On the one hand, it is far easier for the LDS Church to officially change in any area, big or small; all it requires is an announcement by the Church’s President or those who speak for him at a general conference or via some other official means. But the LDS leadership will do this only on rare occasions and for issues they deem to be of great importance. On the other hand, it is comparatively easy for individual evangelicals, institutions, parachurch movements, and even entire denominations (especially small ones) to change, even on major issues, through formal and informal politicking, often initiated at the grass-roots level. But with no one to impose such changes on the entire movement, with only a loose unity (and at times not even that) and a loosely defined unity among the various branches of the movement, seemingly unending diversity of opinion accompanied by rancorous struggles among competing camps can afflict Evangelicalism for decades on end (witness the ongoing gender-role conflicts as a classic example).

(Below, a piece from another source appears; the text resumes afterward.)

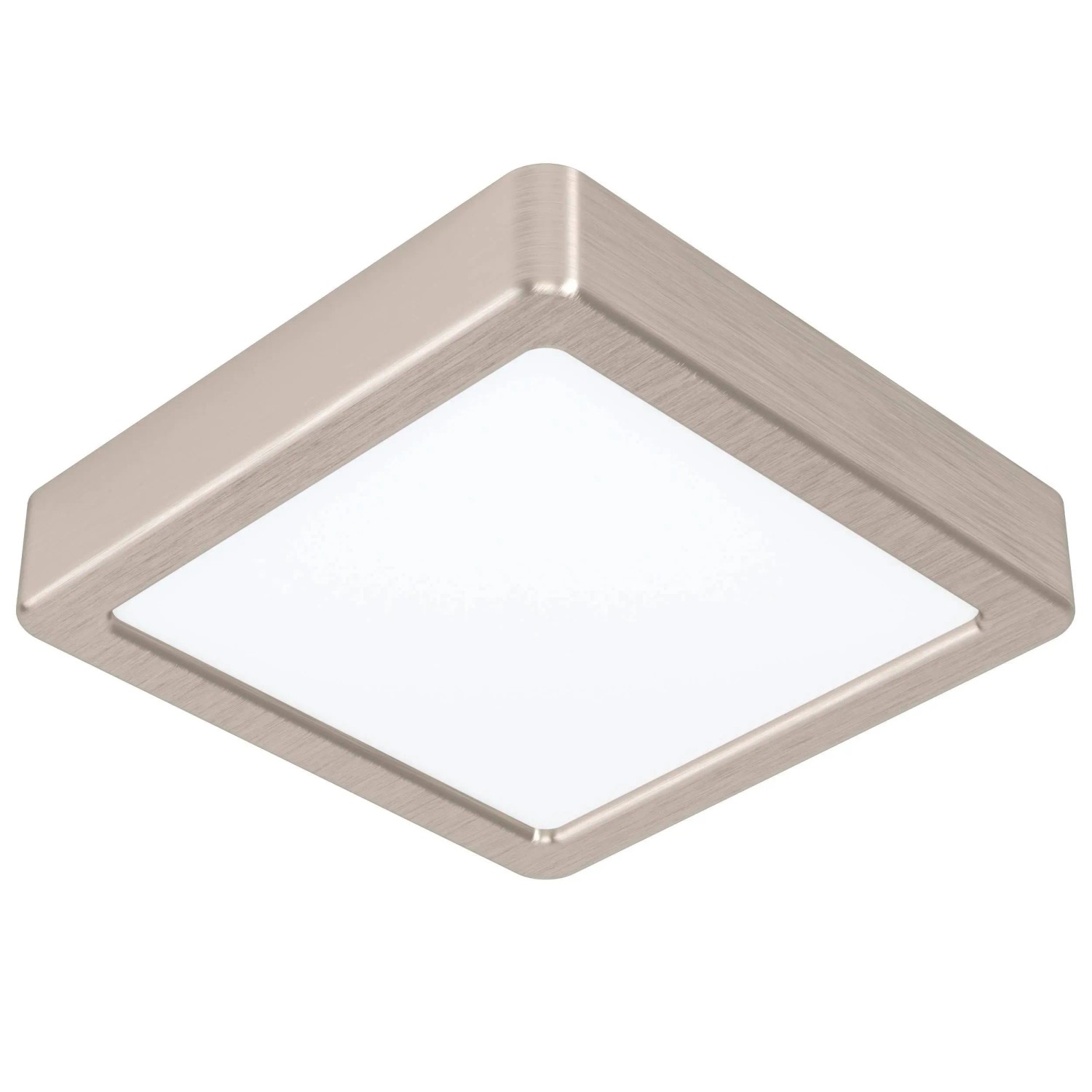 E-shop EGLO LED stropné svietidlo FUEVA 5 matný nikel 160 x 160 x 28 mm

What has resulted from the evangelical-Mormon dialogues of the last fifteen or so years? How successful have they been? Usually one answers questions like those in terms of goals fulfilled. If that criterion is applied here, then the gatherings have been wildly successful because, to my knowledge, goals have been deliberately quite modest. One is reminded of reports of East-West diplomacy at the height of the Cold War. Sometimes a victory was simply agreeing to meet again, and news reports commented merely that “frank and open discussions were held.” I doubt things have ever been quite that bleak with us. Instead, especially in the earliest years, we went into our meetings not hoping to resolve some conflict, nor expecting to convert anyone to our points of view, but merely for building friendships, goodwill, trust, and mutual understanding. Evangelicals had met with and even published the results of dialogues with Catholics, liberal Protestants, Jews, Muslims, Hindus, Buddhists, and even such fringe groups as the Unification Church led by Sun Myung Moon, but where were any comparable efforts, at least within the last half century, with The Church of Jesus Christ of Latter-day Saints? Mormons regularly invited more liberal Christian scholars, Jews, and Muslims (and no doubt others) to conferences at Brigham Young and participated in groups like SBL and AAR both nationally and regionally, including in deliberately arranged pluralistic settings, but, apart from the individual personal friend of someone or the other, when were evangelicals en bloc given any attention or invited to participate in these events? Now, all this has changed and hopefully not just in the short run.

But has anything more happened on the North American religious landscape worthy of the kind of full-scale scholarly scrutiny conventionally associated with the American Academy of Religion? Have the seeds been planted deeply enough in good soil so that fruit will inevitably flourish that actually changes the face of either Mormonism or Evangelicalism on this continent and perhaps beyond? Or if that seems far too ambitious, have seeds been planted that will at least change the perception of one or both groups about each other in any widespread fashion? I personally believe the answer to the second question is yes and the answer to the first question is, it’s too early to tell. But as we all know, unexpected developments, including larger world events, can quickly move us in entirely unanticipated directions, positively and negatively, forward and backward. So the sanest answer, no doubt, is to say that we must wait to see.